## Work instructions
Repeat only the lines from the one that contains "Rubans Voguish Rhodium-Plated" through the final line of the listing below, exactly, please, without pictures.

## Entries supplied
BEGIN

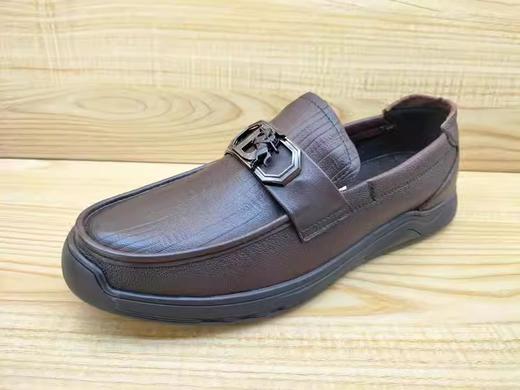 豪行13351170真皮软底舒适休闲皮鞋简约时尚单鞋 商品图0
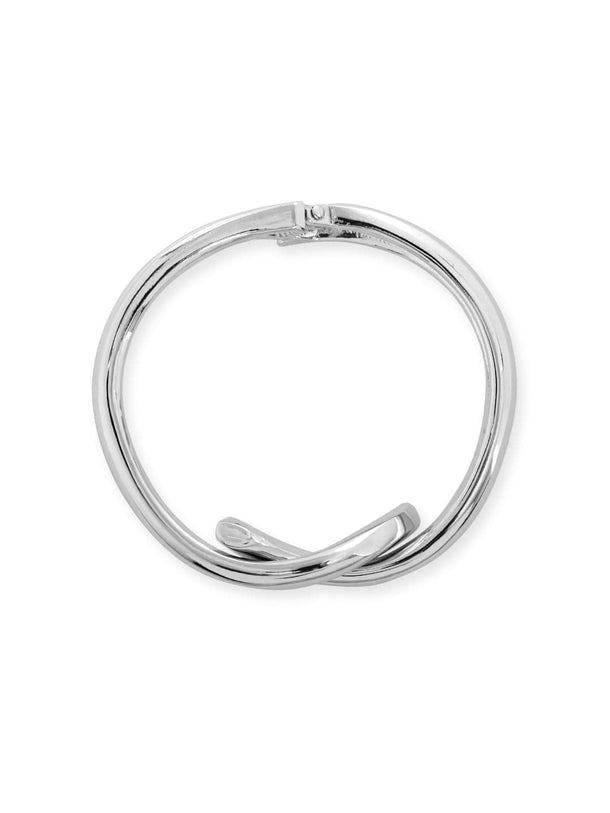 Rubans Voguish Rhodium-Plated Bangle-Style Bracelet Bangles & Bracelets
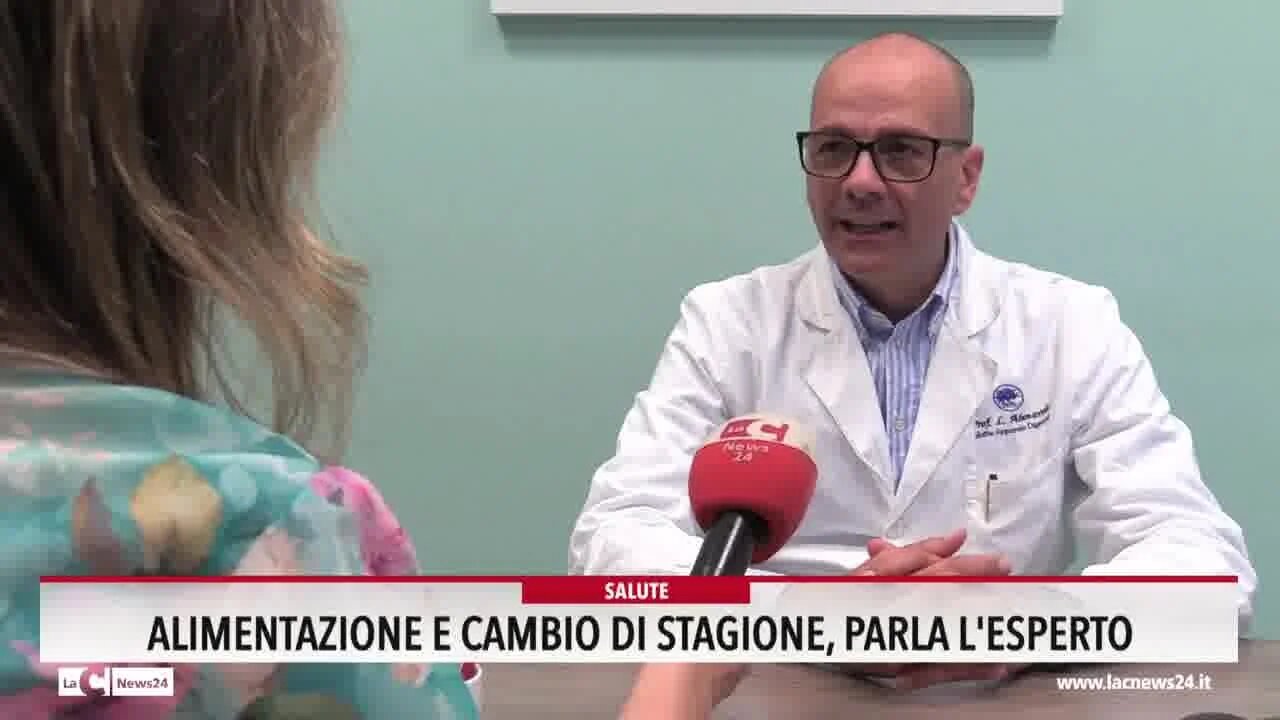 Alimentazione e cambio di stagione, i consigli del professor Abenavoli per affrontare al meglio la fine dell’estate anche a tavola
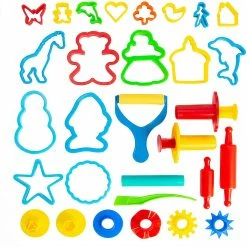 Deals 🔔 Kiddy Dough 24 Piece Tool Kit For Kids 😉
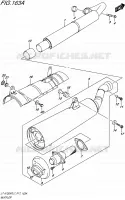 SILENCIEUX pour Suzuki KINGQUAD 750 2017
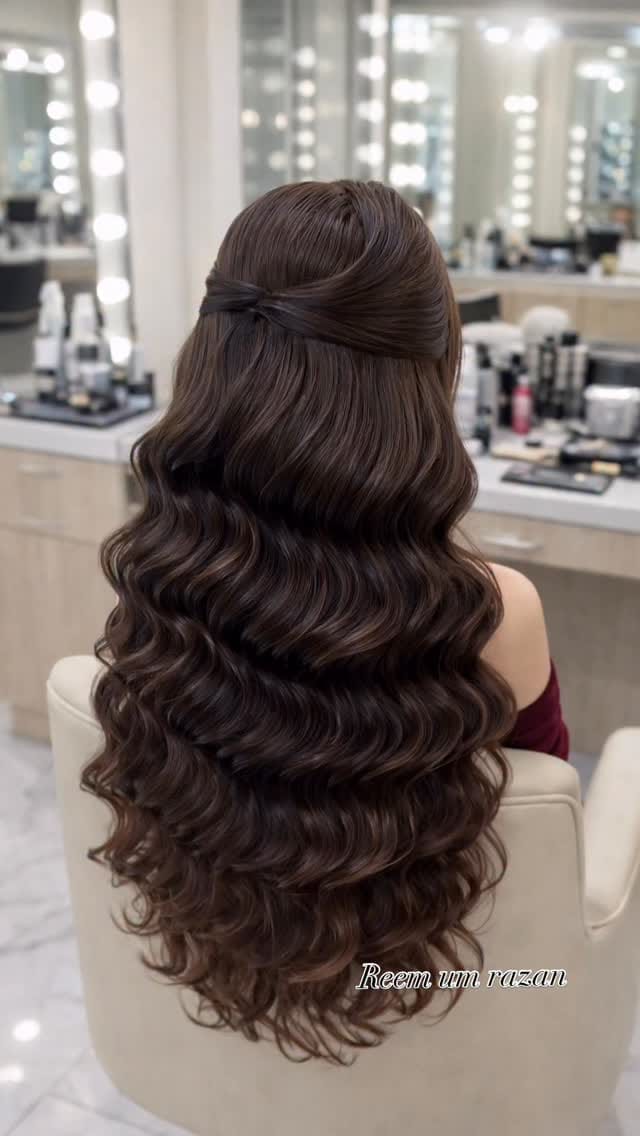 Post 1 by 🇸🇾 REEM hairstyle🇶🇦 on Instagram (video)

END

## Solution to the exercise
 Rubans Voguish Rhodium-Plated Bangle-Style Bracelet Bangles & Bracelets
 Alimentazione e cambio di stagione, i consigli del professor Abenavoli per affrontare al meglio la fine dell’estate anche a tavola
 Deals 🔔 Kiddy Dough 24 Piece Tool Kit For Kids 😉
 SILENCIEUX pour Suzuki KINGQUAD 750 2017
 Post 1 by 🇸🇾 REEM hairstyle🇶🇦 on Instagram (video)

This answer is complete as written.